What are some common misconceptions about the relationship between capacity and throughput?
Steve Shah: First and foremost, the assumption is that they are the same. They are not. Capacity measures the amount of something you can simultaneously process without falling over. This could be processes, connections, database requests. Throughput measures the amount of something you can process per unit time. For example, new processes/sec, connections/sec. While the two are related, their relationship is not necessarily fixed, as there could be other activity that impacts one or the other. For example, a cron job could be consuming a lot of memory that reduces the maximum number of concurrent connections the Web server can process. But the cron job is not heavily impacting CPU, so throughput of the Web server may remain the same.
Of course, systems vary, but, in general, why doesn't the highest capacity produce the highest throughput?
Shah: This is usually because the efficiency of the algorithms driving the system isn't constant across the board. Many of us using Linux may recall from pre-O(1) scheduler days that the efficiency of switching between processes decreased as the number of processes grew. Eventually, the system may have been able to work with 300 processes, but each process wasn't doing much.
For most applications, it is prudent to optimize server usage for peak throughput. That is, you want to turn over as many requests on the server per second as possible so that you can get new requests in. This means that the time to start processing a new request may be a little bit after it arrives rather than immediately. However, the request will take less time to complete and thus the total time (from arrival to complete) will be less than if the server started to immediately process the request.
It is important to keep these numbers in mind when doing capacity planning since you'll want to invest in new servers/software and time, space and power at less than advertised peak capacity.
What are the common barriers to getting peak throughput on Linux?
Shah:Every application has a different barrier. Simple Web-based applications, for example, tend to reach a barrier on the maximum number of concurrent connections. There reaches a point when the penalty of connection table lookups start eating away at a lot more time on a per packet basis. Another common barrier is memory, which is, thankfully, solved quite easily.
More often than not, performance problems are a complex mix of activities -- application performance, poorly written software, bogged down hardware, databases. In one situation I recently dealt with, the problem turned out to the rooted with the application requiring 140 calls to the database for a particular operation. This soaked up a lot of resources on the database, which impacted the other application servers that were also using it. During those queries, the application server also became low on memory, but was largely sitting idle. [This] made it turn over a lot of existing connections quickly and thus the load balancer gave it more traffic to contend with, which only aggravated the problem.

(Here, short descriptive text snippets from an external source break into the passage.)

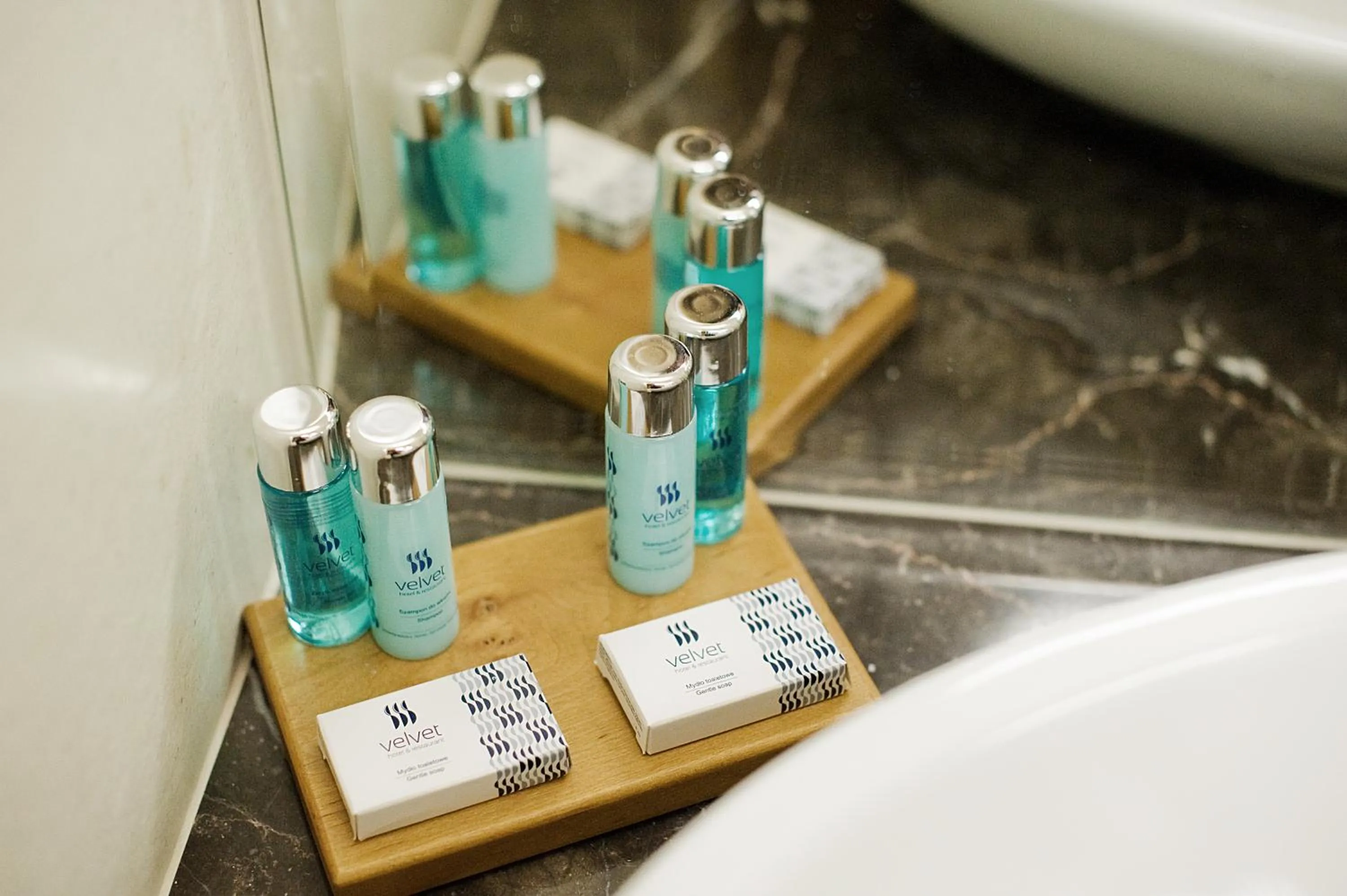 Bathroom in Hotel Great Polonia Velvet Suwałki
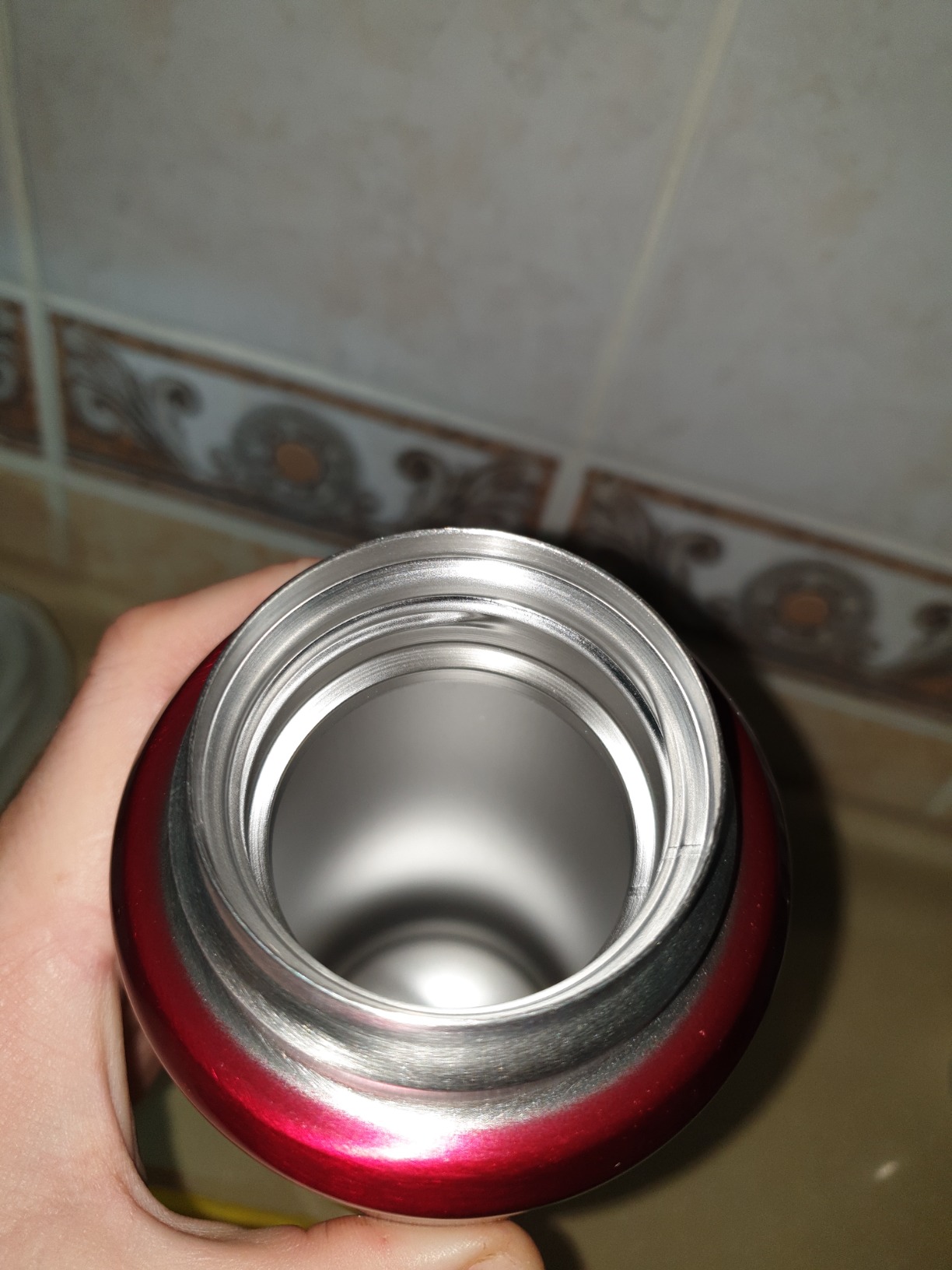 Top Flasche, kleine Anmerkung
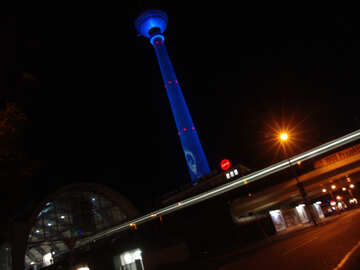 ベルリン テレビ塔 №11723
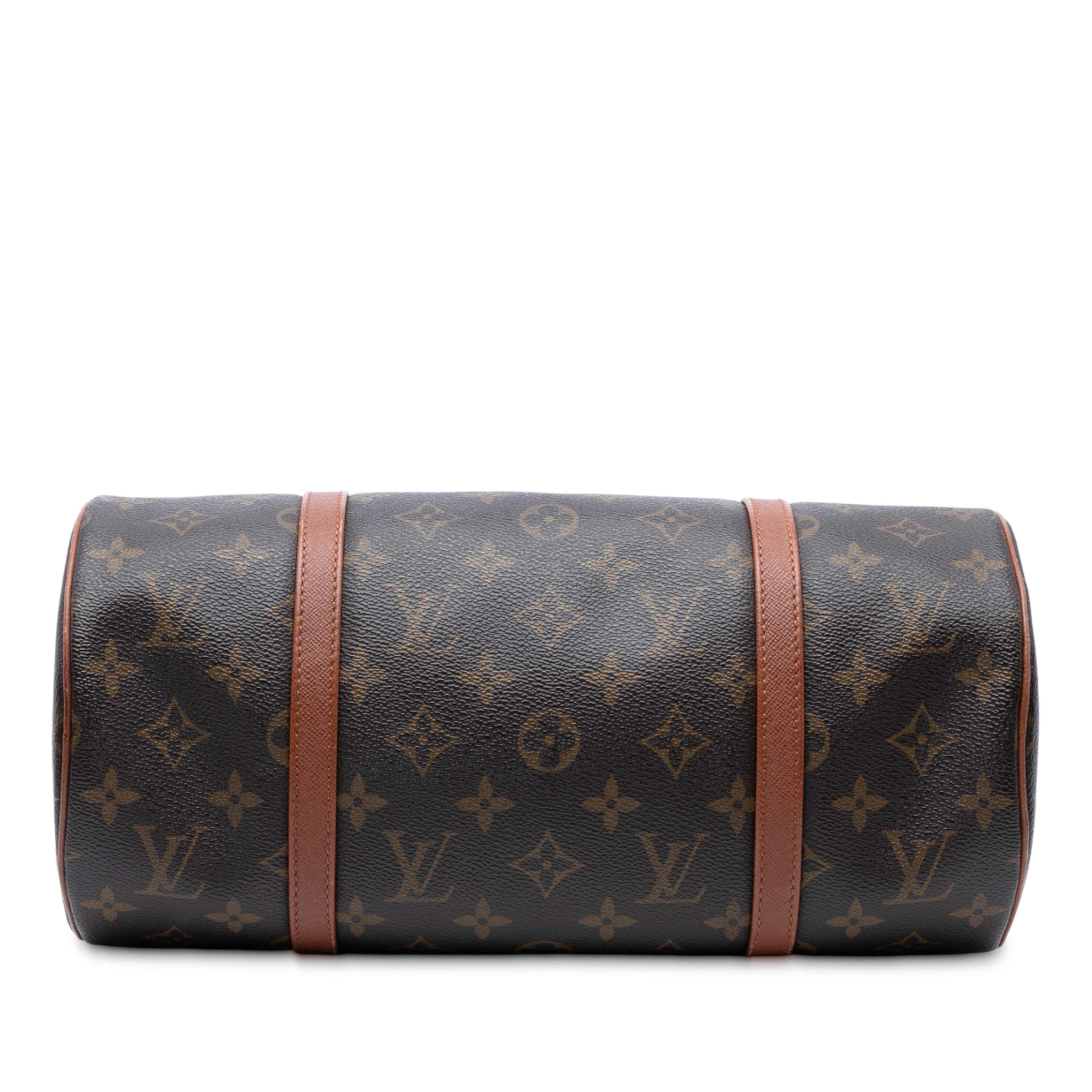 Louis Vuitton Monogram Papillon 30, från Luxclusif, i färgen brown. Klicka för att öppna bilden i stort format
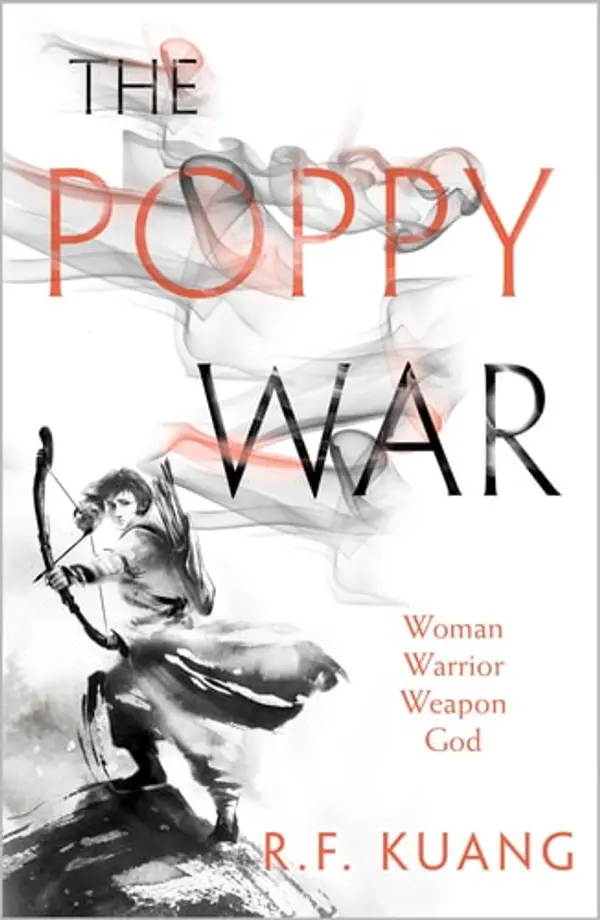 Poppy War by R.F Kuang cover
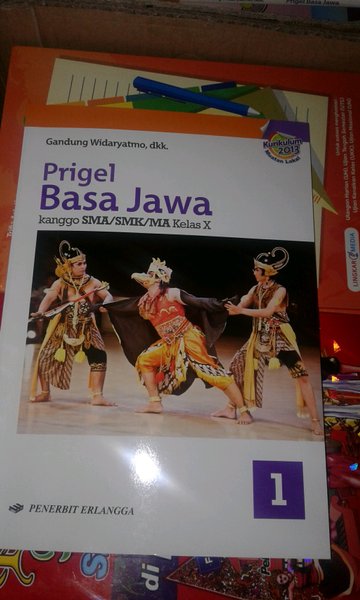 Detail Buku Bahasa Jawa Kelas X Nomer 3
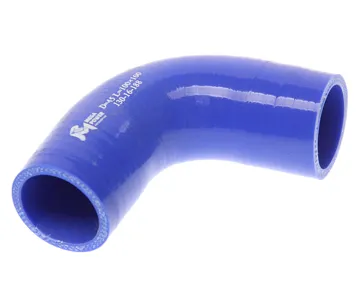 MEGAPOWER 13016188 Патрубок угловой силикон (L=100х100мм,d=45)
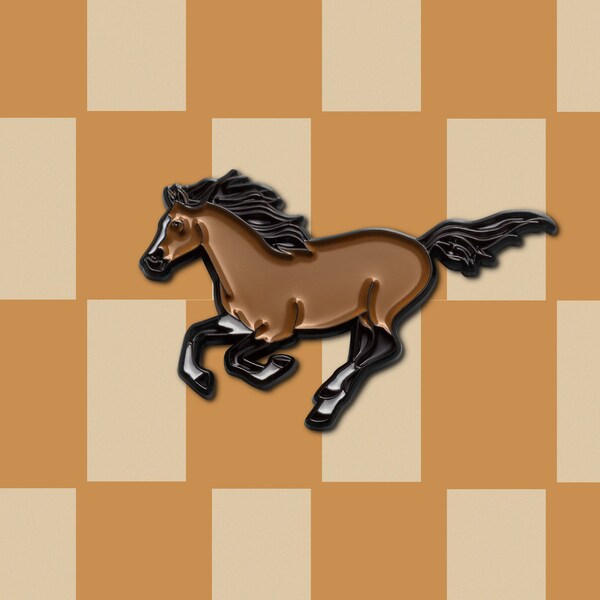 Horse Lapel Pin Etsy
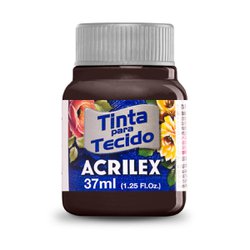 Tinta para tecido acrilex 37ml - 514 terra queimada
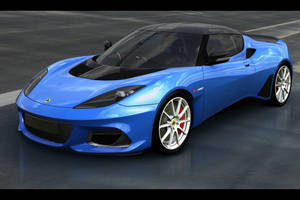 Nouvelle Lotus Evora GT430 Sport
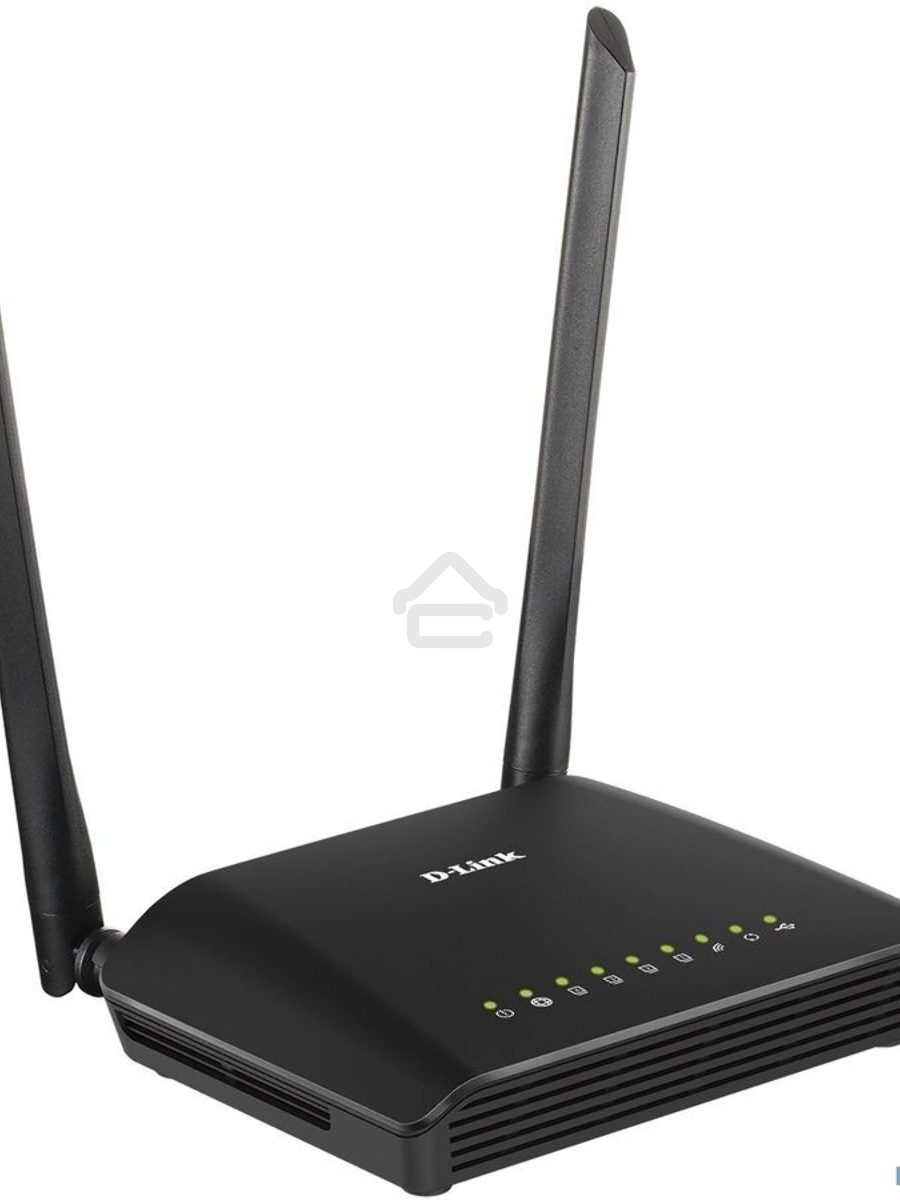 Роутер беспроводной D-Link DIR-620S/RU/B1A N300 черный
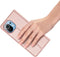 Dux Ducis - Pro Serie Slim wallet hoes - Geschikt voor Xiaomi Mi 11 - Roze Goud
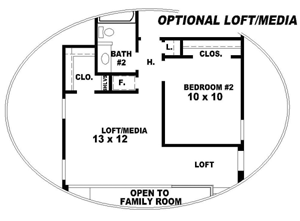 Country Style House Plans Plan: 6-159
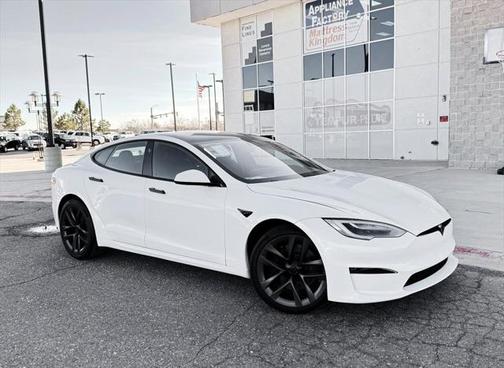2021 Tesla Model S Plaid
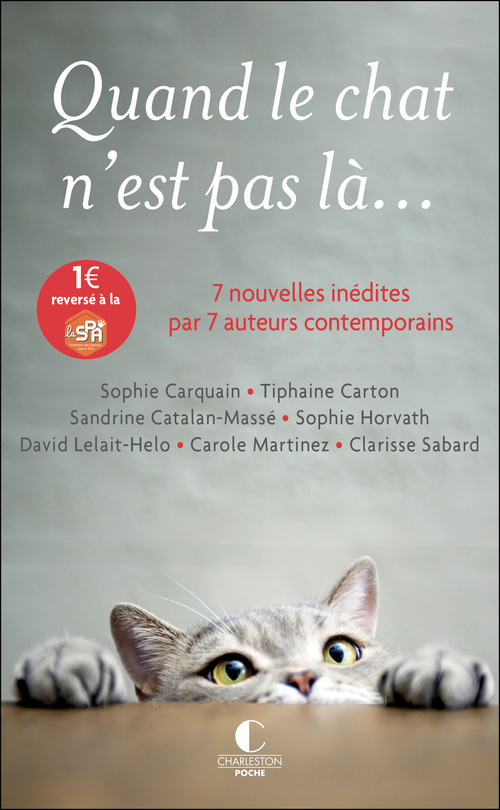 ebook cover of Quand le chat n'est pas là..., by Sophie Carquain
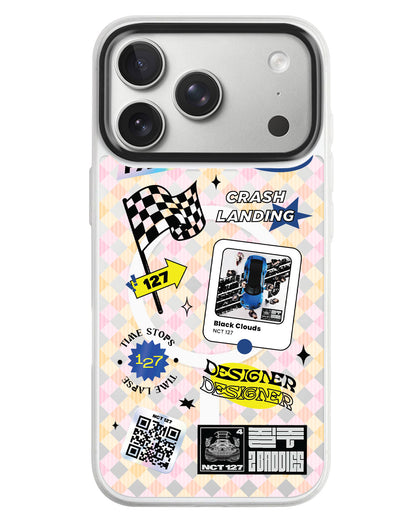 iPhone Rearguard MagSwap - NCT127 Sticker Pack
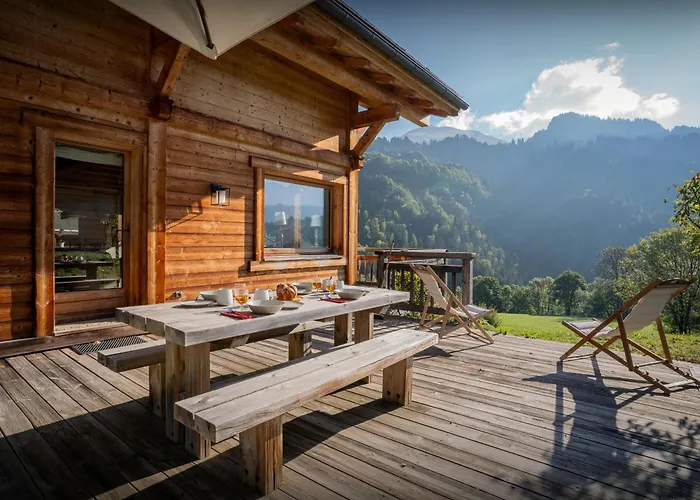 Chalet Le Charmieux - Ovo Network Le Grand-Bornand
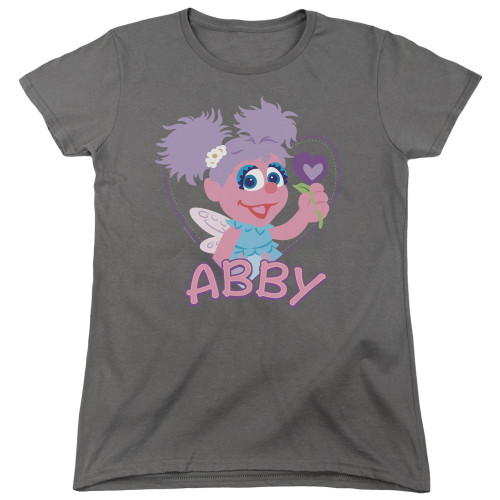 Image for Sesame Street Woman's T-Shirt - Flat Abby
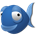Icona del software Bluefish Editor Icona del software Bluefish Editor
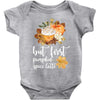but first pumpkin spice latte, Baby Bodysuit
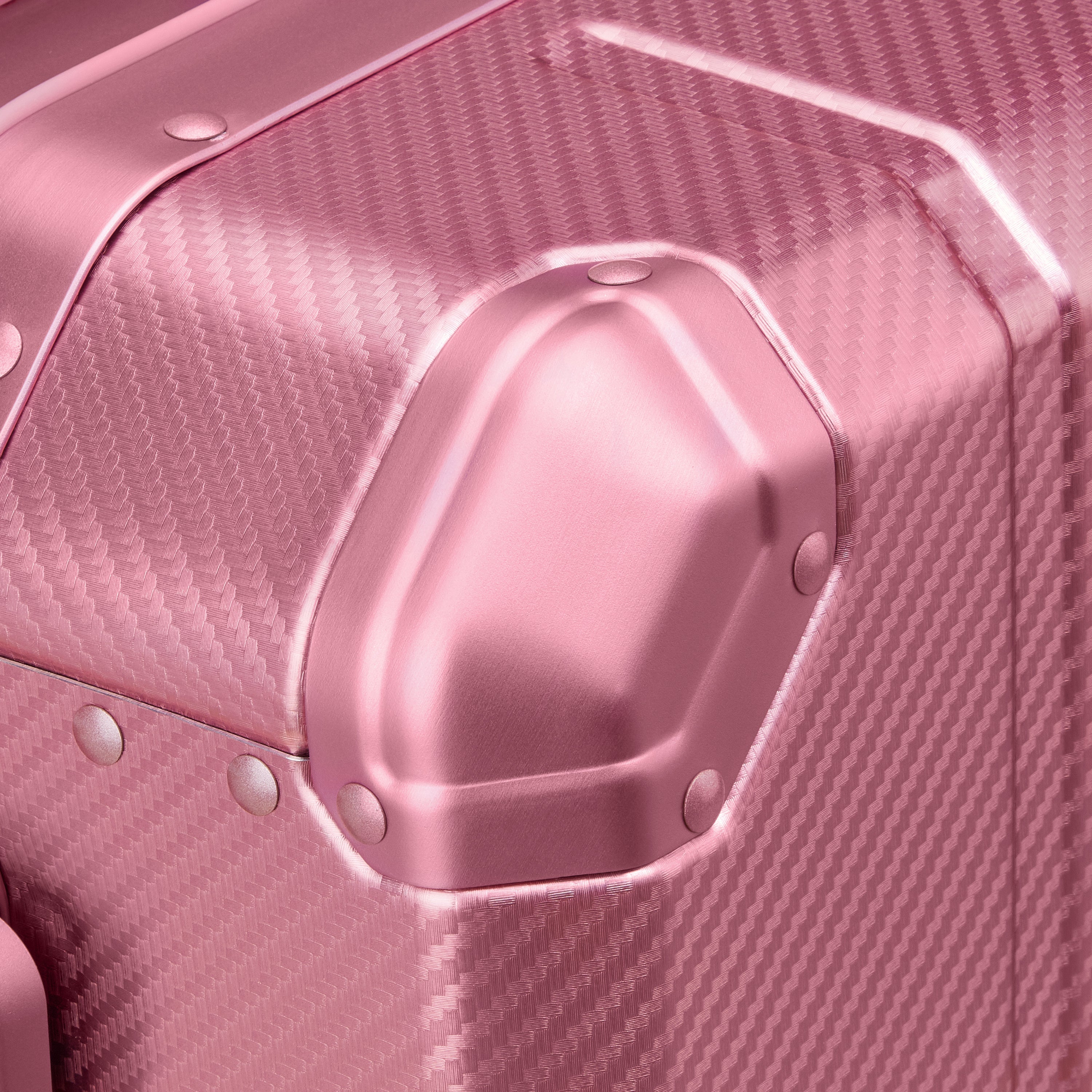 delsey-alu-r-kabinenkoffer-55cm-pink-aluminium-optik image 4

What other types of mistakes do IT managers make when analyzing capacity?
Shah:The second most common mistake is the assumption that performance is linear. In most cases, performance is not linear, but rather it follows a polynomial.
Finally, and this is a real pet peeve of mine, the assumption that more threads means faster. No! No! No! Threading is very application specific -- some applications do very well with more threads and are only limited by the operating system's ability to handle a lot of them. Other applications have dependencies between the threads, which means that locking can quickly make threads go idle and more threads means just more idle threads. Some applications don't even need threads -- they follow a run-to-completion model that keeps them optimally busy.
Apache is a frequent victim of too many threads; it follows a performance curve just as any application does. And depending on what you're doing with Apache, you may find that only a handful of threads makes sense.
How would those mistakes mess up capacity planning?
Shah: Administrators could find themselves under-planning. If they think that their server can handle 1,000 users, when in reality it doesn't make sense to load it with more than around 100, they could find themselves with an underperforming application.
What makes capacity planning different, easier or harder on Linux than other operating systems?
Shah: Linux capacity planning is different than other operating systems simply because it [has] a different set of performance behaviors. Administrators should evaluate [their] particular application under various workloads to determine the sweet spot.
What's the ideal scenario for achieving peak capacity and peak throughput on Linux?
Shah: Linux makes great use of extra memory. For example, the kernel maintains a buffer cache that when hit often, allows the system to perform well. If your application calls on the disk often, it may be prudent to try and optimize it with enough memory and find a way to distribute workloads so that each server tends to do the same thing as much as possible.
On the networking side, the kernel does remarkably well, but not all applications do. Scale carefully here.
Definitely make use of the new features for performance on the newer kernels -- like the O(1) scheduler -- to give a little edge to your performance.